__ABOUT THIS TASK__
Only the lines from the beginning of the entries through the one with "Akira Strapless Leather" should be written out, please, exactly and without any pictures.

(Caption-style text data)
↓↓↓
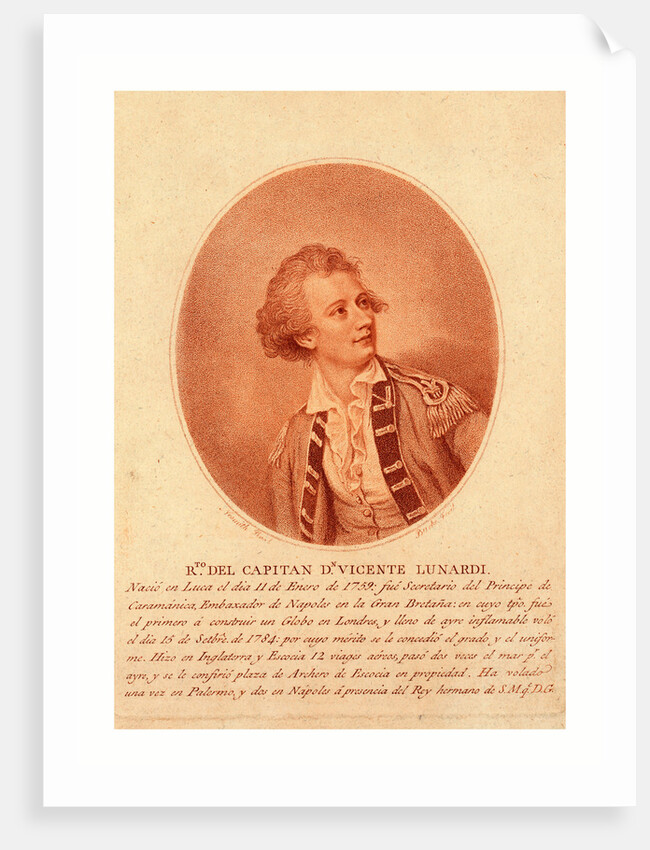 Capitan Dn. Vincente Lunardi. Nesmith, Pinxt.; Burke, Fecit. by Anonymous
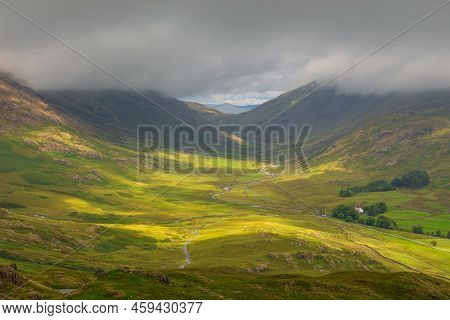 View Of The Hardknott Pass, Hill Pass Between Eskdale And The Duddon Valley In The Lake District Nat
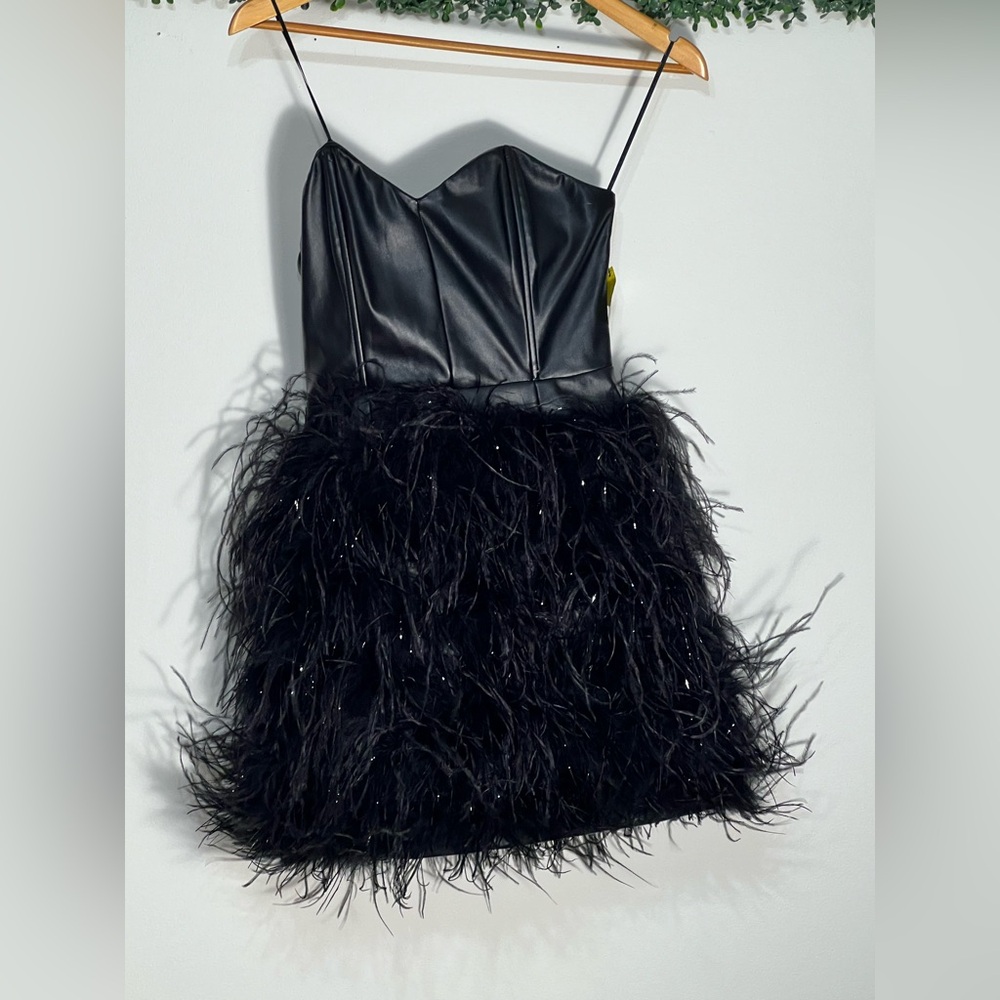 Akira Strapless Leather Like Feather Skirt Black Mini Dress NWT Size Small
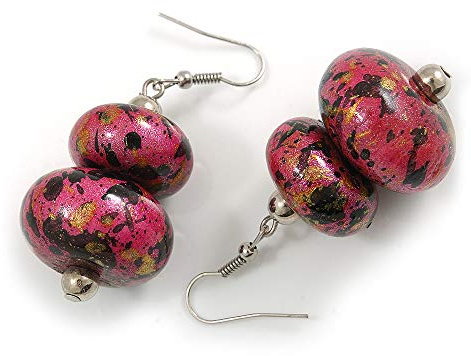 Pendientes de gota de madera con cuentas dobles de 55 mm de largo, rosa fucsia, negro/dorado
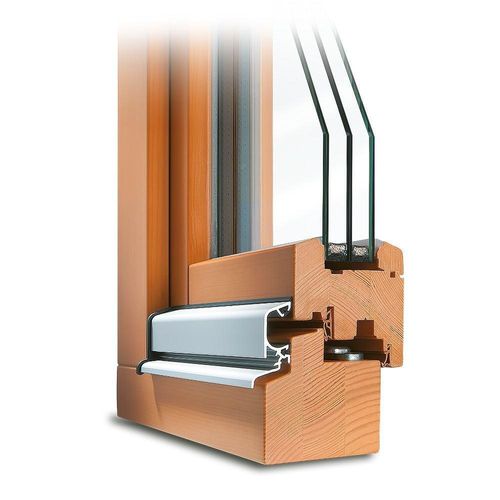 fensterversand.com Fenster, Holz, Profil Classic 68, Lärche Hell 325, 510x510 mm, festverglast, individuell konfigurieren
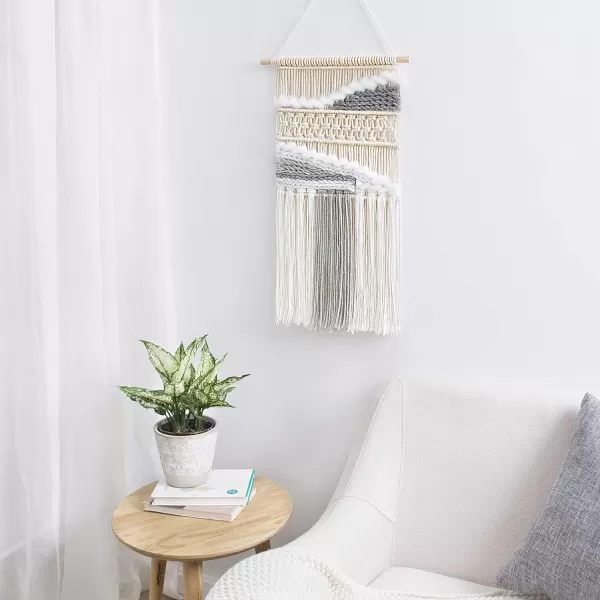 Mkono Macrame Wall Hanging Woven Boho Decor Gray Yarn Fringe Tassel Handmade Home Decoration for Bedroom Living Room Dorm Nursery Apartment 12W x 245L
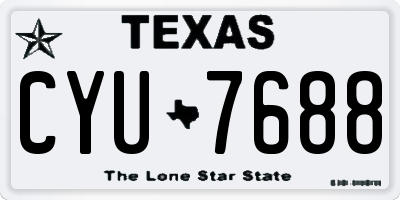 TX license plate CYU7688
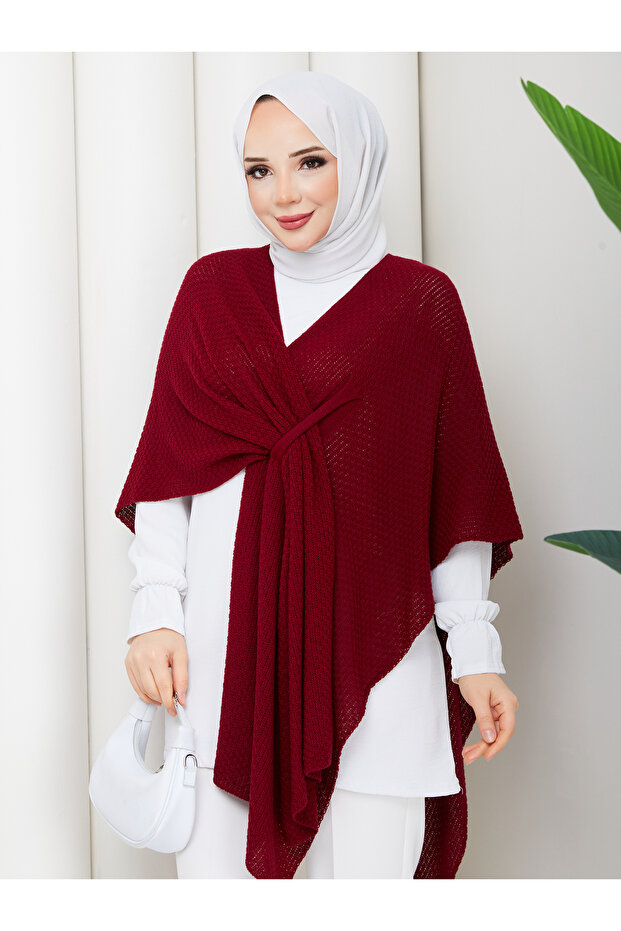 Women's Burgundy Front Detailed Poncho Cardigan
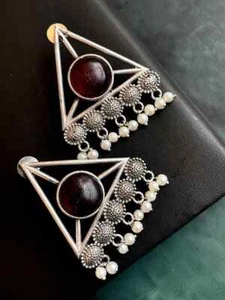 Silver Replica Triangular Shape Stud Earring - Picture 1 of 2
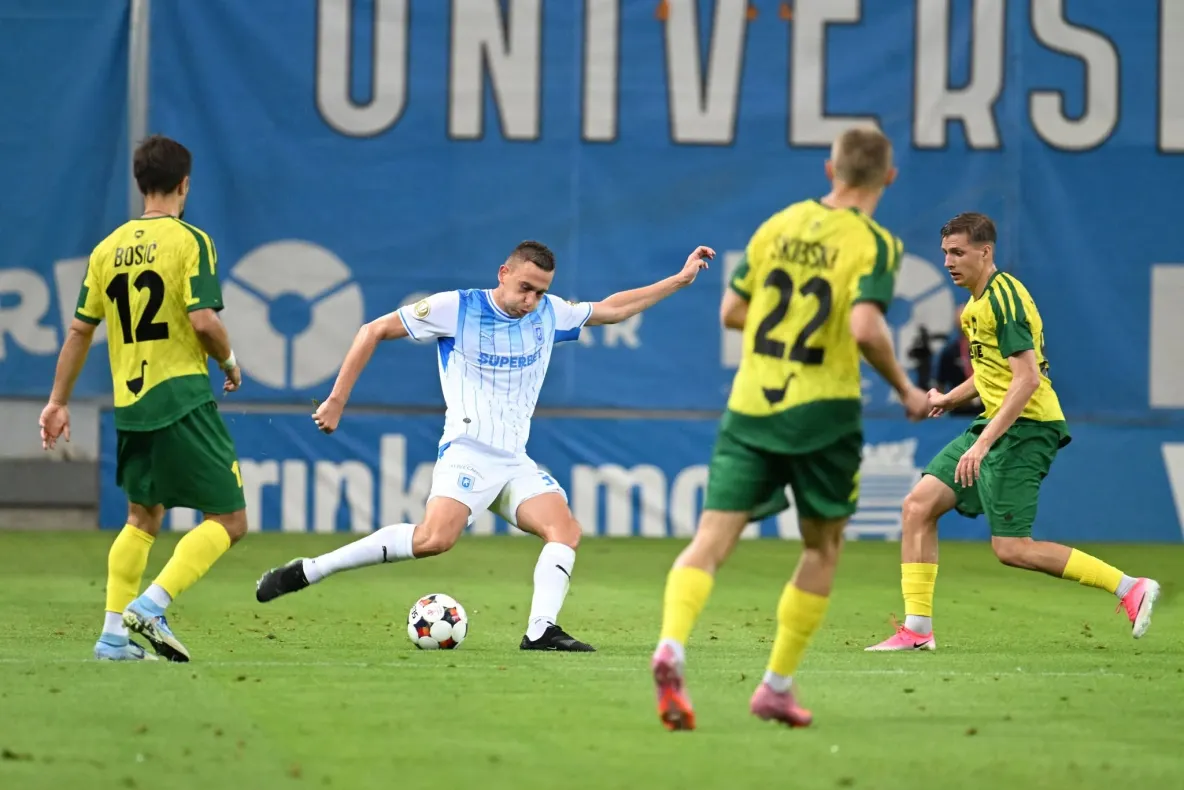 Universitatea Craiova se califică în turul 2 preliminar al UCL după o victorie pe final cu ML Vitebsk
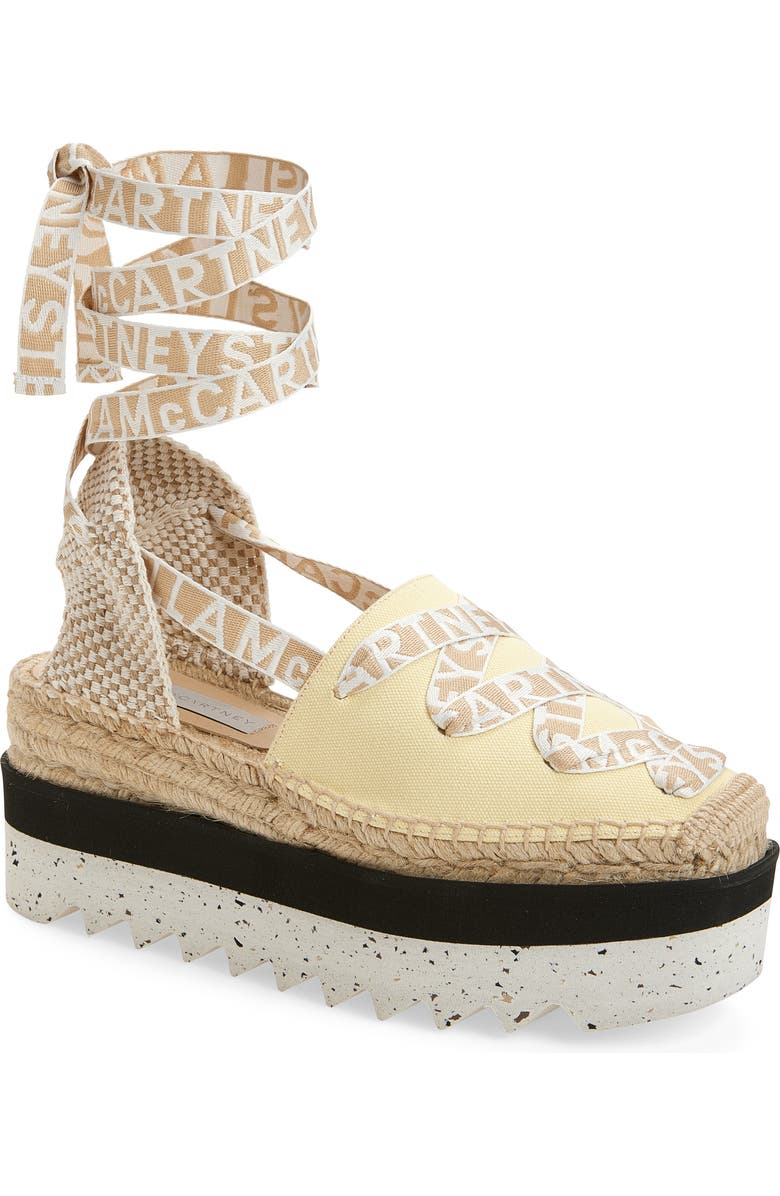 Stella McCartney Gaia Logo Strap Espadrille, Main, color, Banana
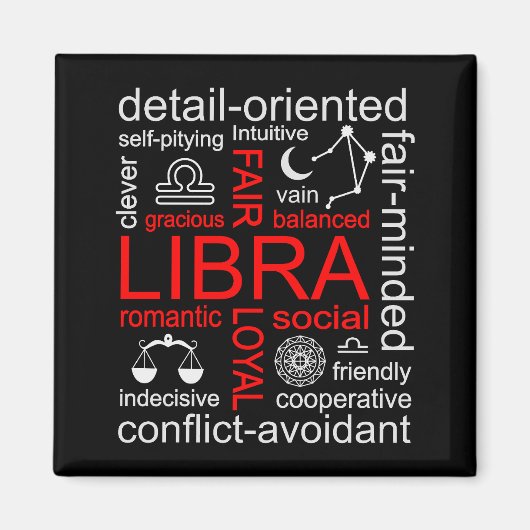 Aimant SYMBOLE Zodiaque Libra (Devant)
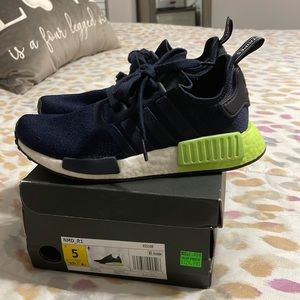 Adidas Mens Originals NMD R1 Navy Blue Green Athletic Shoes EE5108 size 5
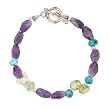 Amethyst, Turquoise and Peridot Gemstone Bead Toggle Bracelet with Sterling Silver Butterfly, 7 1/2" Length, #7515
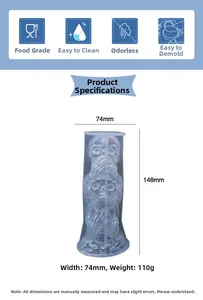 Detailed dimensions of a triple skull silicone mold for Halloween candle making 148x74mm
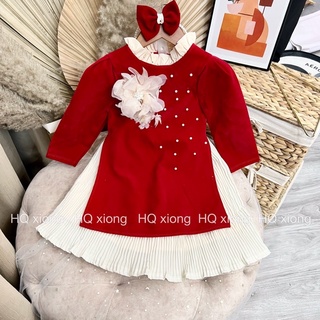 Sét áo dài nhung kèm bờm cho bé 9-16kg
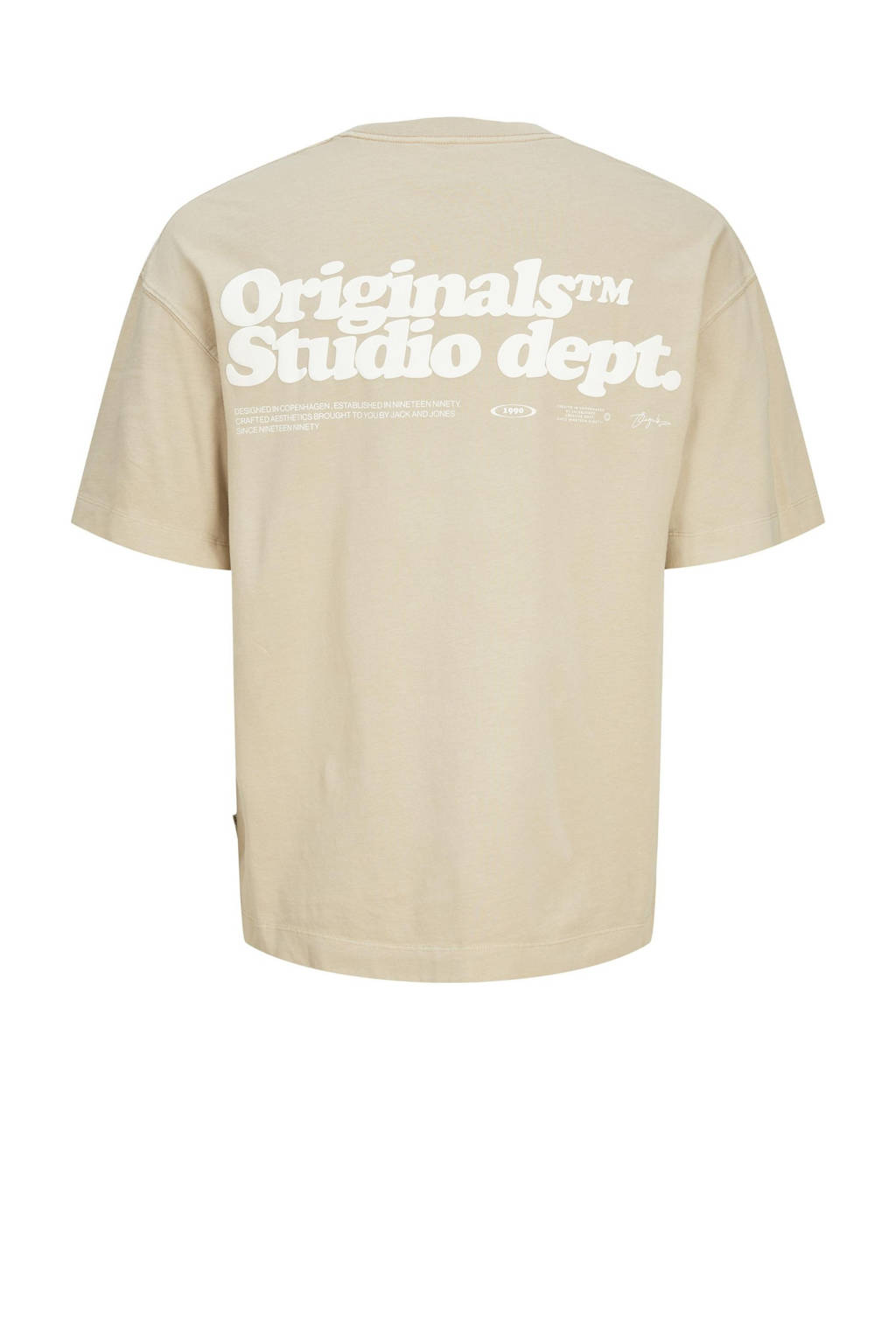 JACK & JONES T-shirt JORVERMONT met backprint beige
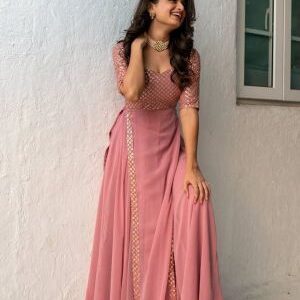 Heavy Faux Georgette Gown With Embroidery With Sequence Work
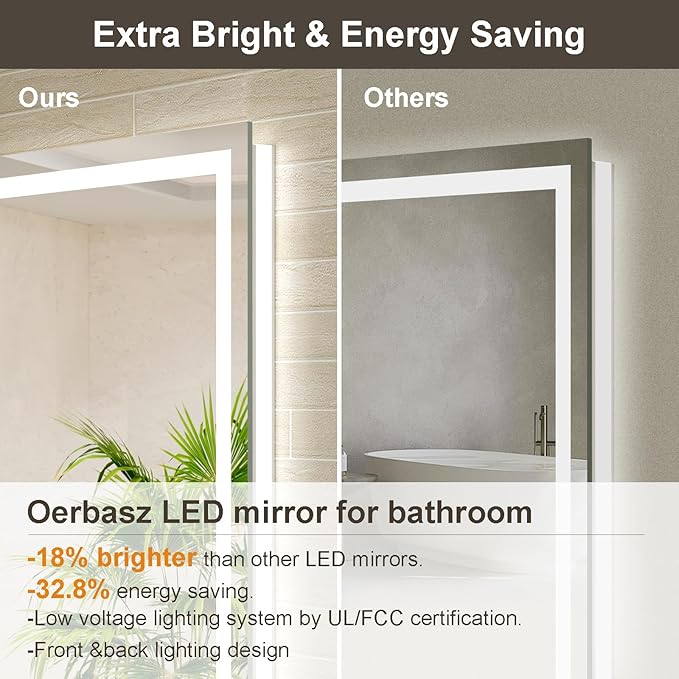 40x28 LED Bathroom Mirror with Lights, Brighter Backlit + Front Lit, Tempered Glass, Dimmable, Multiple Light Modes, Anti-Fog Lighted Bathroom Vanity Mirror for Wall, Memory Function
↑↑↑
__SOLUTION TO THIS TASK__
 Capitan Dn. Vincente Lunardi. Nesmith, Pinxt.; Burke, Fecit. by Anonymous
 View Of The Hardknott Pass, Hill Pass Between Eskdale And The Duddon Valley In The Lake District Nat
 Akira Strapless Leather Like Feather Skirt Black Mini Dress NWT Size Small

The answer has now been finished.